WHIRLPOOL
“If you want an image of the future it is this: everything you have ever done, every friend you’ve made or lost, every website you’ve visited, every message you’ve sent or received, every kiss, every heartbreak, every holiday, every sadness, every single moment, saved on our servers and on sale to the highest bidder. Forever.”
‘Whirlpool’ reflects on the life and works of Indian-born British writer George Orwell - though the scope of the production moves well beyond biography. The aesthetic is radical, physical, confrontational, playful and experimental. The core strands that are developed are: The biography of Orwell and questions of why an Indian company is getting a European director to make a show about another white writer - who is working to whose agenda here? And why?
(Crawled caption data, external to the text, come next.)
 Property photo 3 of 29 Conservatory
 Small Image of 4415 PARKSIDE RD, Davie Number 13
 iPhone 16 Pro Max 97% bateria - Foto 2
The dystopian visions Orwell explored in his writing - especially ‘Homage to Catalonia’, ‘Animal Farm’ and ’1984’. How Orwell’s visions are being brutally realised in contemporary Indian and global politics - not only through drawing parallels with contemporary events, but examining how today’s politics has moved beyond Orwell’s visions, as technology and Artificial Intelligence have expanded their potential and reach. The ability (imagined so powerfully in ‘1984’) of technology to be manipulated to falsify the present and the past - and thus to control the future (the phrase ‘fake news’ may be modern, but that is what Orwell wrote about.). As Orwell wrote: “Who controls the past controls the future. Who controls the present controls the past.”. Again the advent of self-evolving Artificial Intelligence really takes us into a world beyond Orwell’s dystopia. It is a performance piece that is constantly destabilised. It is direct and funny and yet, constantly, what the audience has come to believe is the ‘reality’ of the piece, will be subverted. The ultimate questions will concern who is controlling who, and how. The role of the technical artists in this is core. The deepest level of subversion (our contemporary ‘Big Brother is Watching You’) is how the easily available technologies we carry with us on a daily basis are themselves becoming the controllers of our fates (as google maps decides our route to work, as a health app nudges us towards a certain diet, as our personal political landscape is shaped into an echo chamber of falsity and division). To paraphrase Orwell, who controls the technology controls the present. Who controls the present invents both past and future. Thus the role of sound/light/audio-visual elements is as much an instigator of action as a support to that action.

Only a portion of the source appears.